While skill and maturity are the most important factors, there also has to be an opportunity.

"I think if your team is a team where you're established and you know you're in the top five, six, seven teams in the League, you probably don't keep a player like that," Blues GM Larry Pleau said. "You can't get him enough ice time for guys like that. We made our decision that if we can get (Perron) in the lineup for 45 or 55 games, that would be good. We felt if we can get him in that many games, it would be better for us next year. Can you afford to keep a player with you like that on your 23-man roster? And is it better for him to develop here? We felt we had a spot, we could get him enough games and we felt it was the right thing to do."

"In Sam's case, his maturity level was off the scale – not only for an 18-year-old, but for anyone. Maturity, understanding the game, absorbing the coaching — he's as good as anybody." - Oilers GM Kevin Lowe
Pleau feels they accomplished that goal, as Perron had 27 points in 62 games while averaging 12:33 of ice time.

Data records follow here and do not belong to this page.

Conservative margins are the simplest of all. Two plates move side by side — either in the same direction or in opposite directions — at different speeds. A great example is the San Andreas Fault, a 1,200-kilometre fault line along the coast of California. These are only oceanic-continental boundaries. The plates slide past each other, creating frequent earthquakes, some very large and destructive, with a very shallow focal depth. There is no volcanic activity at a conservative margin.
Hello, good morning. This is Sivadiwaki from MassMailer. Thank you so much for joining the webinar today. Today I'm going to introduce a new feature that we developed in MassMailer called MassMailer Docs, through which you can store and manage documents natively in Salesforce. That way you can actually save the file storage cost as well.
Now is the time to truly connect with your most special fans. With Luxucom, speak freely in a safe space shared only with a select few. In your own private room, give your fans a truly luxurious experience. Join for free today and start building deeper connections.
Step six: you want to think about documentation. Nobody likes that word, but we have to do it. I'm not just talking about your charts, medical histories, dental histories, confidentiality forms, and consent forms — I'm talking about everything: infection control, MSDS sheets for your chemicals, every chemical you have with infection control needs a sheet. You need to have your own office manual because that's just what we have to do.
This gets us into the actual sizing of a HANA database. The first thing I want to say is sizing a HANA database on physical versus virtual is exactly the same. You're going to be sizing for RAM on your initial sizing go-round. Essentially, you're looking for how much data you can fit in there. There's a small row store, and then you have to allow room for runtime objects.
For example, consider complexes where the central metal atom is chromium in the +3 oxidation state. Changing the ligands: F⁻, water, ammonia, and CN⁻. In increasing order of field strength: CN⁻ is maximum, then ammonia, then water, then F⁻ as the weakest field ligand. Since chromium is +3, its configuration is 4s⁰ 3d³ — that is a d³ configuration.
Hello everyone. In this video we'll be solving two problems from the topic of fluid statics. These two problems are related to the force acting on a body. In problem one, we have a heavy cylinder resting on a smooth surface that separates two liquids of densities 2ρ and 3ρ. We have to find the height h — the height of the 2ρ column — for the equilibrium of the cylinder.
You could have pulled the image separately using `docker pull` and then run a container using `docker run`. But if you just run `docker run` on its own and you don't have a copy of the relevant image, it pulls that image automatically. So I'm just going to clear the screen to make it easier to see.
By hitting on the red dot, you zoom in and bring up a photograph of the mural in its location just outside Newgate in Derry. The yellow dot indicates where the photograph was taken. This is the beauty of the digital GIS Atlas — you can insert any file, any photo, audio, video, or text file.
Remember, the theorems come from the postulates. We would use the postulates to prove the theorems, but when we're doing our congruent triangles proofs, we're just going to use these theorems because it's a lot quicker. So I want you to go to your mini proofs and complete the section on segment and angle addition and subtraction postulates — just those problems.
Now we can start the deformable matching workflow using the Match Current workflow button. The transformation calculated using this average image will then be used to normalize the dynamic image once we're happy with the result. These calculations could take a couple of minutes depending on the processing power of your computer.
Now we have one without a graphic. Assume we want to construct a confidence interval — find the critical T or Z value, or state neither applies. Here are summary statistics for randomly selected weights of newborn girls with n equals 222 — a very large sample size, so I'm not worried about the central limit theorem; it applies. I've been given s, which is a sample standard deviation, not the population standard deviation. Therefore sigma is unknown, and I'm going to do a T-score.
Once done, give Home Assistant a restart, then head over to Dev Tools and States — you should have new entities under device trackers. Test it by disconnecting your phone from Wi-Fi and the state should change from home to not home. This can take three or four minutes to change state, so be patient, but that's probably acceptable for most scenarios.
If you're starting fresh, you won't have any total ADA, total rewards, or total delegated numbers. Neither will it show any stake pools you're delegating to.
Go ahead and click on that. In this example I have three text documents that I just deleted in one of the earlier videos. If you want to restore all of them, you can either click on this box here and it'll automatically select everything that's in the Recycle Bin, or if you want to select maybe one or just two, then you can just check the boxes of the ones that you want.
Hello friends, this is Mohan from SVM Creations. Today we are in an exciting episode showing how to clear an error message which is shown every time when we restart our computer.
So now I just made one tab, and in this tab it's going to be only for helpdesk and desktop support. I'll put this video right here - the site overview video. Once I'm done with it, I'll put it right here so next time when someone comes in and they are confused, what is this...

"We decided that the right decision for him going forward in our organization was that we could keep him and he would get enough out of this year to be better for the following year," Pleau said.

Lowe has a similar open-minded stance, bred into him from his own playing career.

"I keep going back to (Glen) Sather and the early years of the Oilers," said Lowe, a key member of Edmonton's dynasty in the 1980s. "He kept going with those guys. I'd rather go with a young guy who can develop into an elite player than an older guy who will keep you where you are. Someone like Sam had the maturity and the understanding that even if he wasn't contributing on the score sheet, he didn't panic. He knew he could contribute within that game and it might not show up on the score sheet, but go home that night and know that he contributed. Some kids might think, 'I didn't do anything last game, I better do something the next game,' and do something risky and put the team down, and now you're farther behind the 8-ball."

Not every GM is as open-minded as Lowe. General managers grapple with the question of whether the player's long-term development would be better served by spending an extra year playing against players their own age.

"(Sam) made the team out of the gate and we said we'll see how it goes,'" Lowe said. "We didn't make any commitment to him. We said we'll see how he plays in the first 12-15 games of the year. Clearly he played well enough that we wanted to keep him around."

So are there any players in the 2008 NHL Entry Draft that could be worth keeping around for the 2008-09 season?

A few players were confident.

"Hopefully I'll be in the NHL," Stamkos said. "That's my main objective coming into the summer, to work hard and train hard. We got a firsthand glance when we went to Detroit (for the Stanley Cup Final). The guys were physically mature and they're so big and strong and fast. I've got a lot of hard work to do, but my main goal is to be in the National Hockey League next year."

Added Zach Boychuk, rated No. 8 among North American skaters by the Central Scouting Bureau, "I'm a guy that likes to set my goals high. Anything can happen. It just inspires you to see guys like Patrick Kane, Sam Gagner and all those guys, kind of smaller, skill guys similar to myself, who had great rookie seasons in the NHL. It makes me push that much harder. And once that day comes when I get drafted by a team, I'm going to put all my heart and soul into it and try to give myself an opportunity for a spot."

The scouts have their own opinions.

"Stamkos, (Drew) Doughty, (Luke) Schenn and (Alex) Pietrangelo might be ready to play right away," said one NHL executive who requested anonymity.

"I know (Kelowna coach) Bruce Hamilton, and he thinks Schenn can play right now," another League executive said. "I was impressed with (Nikita) Filatov … and I hear that (Zach) Bogosian is close."

So will we see a progressive team take a chance on a player straight out of the draft?

"It’s having an open mind," Lowe said. "In their (other GMs) minds, the kid's going back. We don't operate like that. I have an empty canvas. We knew that Sam would be a much better player in the second half, so you put up with the growing pains. And if by speeding up the development process he's going to give you a chance to win sooner or later, you do that."